La explicación de este contexto:

Jesús ha muerto en la cruz. José de Arimatea se hecho cargo de su sepultura. Acto seguido narra el Evangelio que las piadosas mujeres que lo habían seguido «estaban sentadas frente al sepulcro» (Mateo 27, 61). El acontecimiento más destacable de este día junto a la sepultura es el así llamado «el descenso de Cristo a los infiernos», declaración de fe que se propaga en el siglo IV y recoge el Credo Apostólico. Afirmar la sepultura de Cristo equivale a decir que su muerte humana fue algo real. Es significativo al respecto que Marcos (15, 45) hable de «cadáver», y que la sepultura pertenezca al contenido del ‘kerigma’ o anuncio más antiguo en relación a Jesús: «Cristo murió por nuestros pecados según las Escrituras, fue sepultado, y resucitó al tercer día según las Escrituras» (1 Corintios 15, 3 – 4).

El sentido del descenso al Hades no radica en que le falte algo a la redención de la cruz, sino en la expresión eficaz de la solidaridad última y radical con todos los seres humanos en toda situación, incluso la muerte. Es la última consecuencia de la misión redentora recibida del Padre, y cumplida acabadamente en la muerte y la resurrección. Es la prenda de una resurrección gloriosa. Desde el momento que Cristo Jesús es el Crucificado-Resucitado, los muertos pueden también esperar la vida: «No temas, soy yo, el primero y el último, el que vive; estuve muerto, pero ahora estoy vivo por los siglos de los siglos, y tengo las llaves de la muerte y el Hades» (Apocalipsis 1, 17 – 18).

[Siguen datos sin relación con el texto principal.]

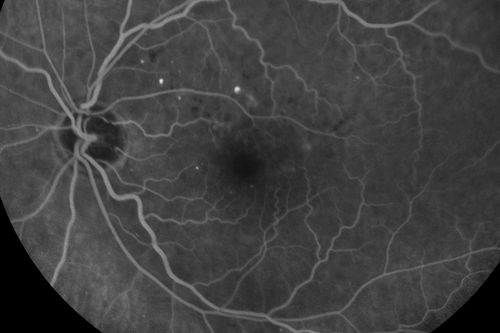 Diabetic Macular Edema - Mild
70 year old man with mild edema did well without treatment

Sólo por una muerte que verdaderamente desciende hasta donde están los muertos, puede creerse en la verdad de la resurrección de los muertos. Eso es asumir la muerte hasta sus últimas consecuencias, pero también proclamar esperanza contra toda esperanza. En aquél que ha sido sepultado se cumplirá la promesa: «Como Jonás estuvo tres días y tres noches en el vientre del pez, así estará el Hijo del Hombre en el seno de la tierra tres días y tres noches» (Mateo 12, 40). «Jesús les respondió: Destruyan este templo y en tres días lo levantaré … él se refería al templo de su cuerpo» (Juan 2, 19. 21).

Para reflexionar:

A lo largo del día sábado puede invitarse a la meditación personal, grupal y comunitaria sobre la necesidad de vivir una renovación del con-morir y con-resucitar con Cristo en el bautismo, como una manera de volver a vivirlo, procurando así una inmersión fecunda en el Misterio Pascual.

A ese fin se formula un breve cuestionario pertinente, p. ej.: ¿en qué medida he/hemos asumido el propio bautismo? ¿Cuál es el estado de mi/nuestra conversión y fe, de mi/nuestro sentido de pertenencia a la comunidad? ¿Qué implica concretamente esta rememoración de las promesas bautismales?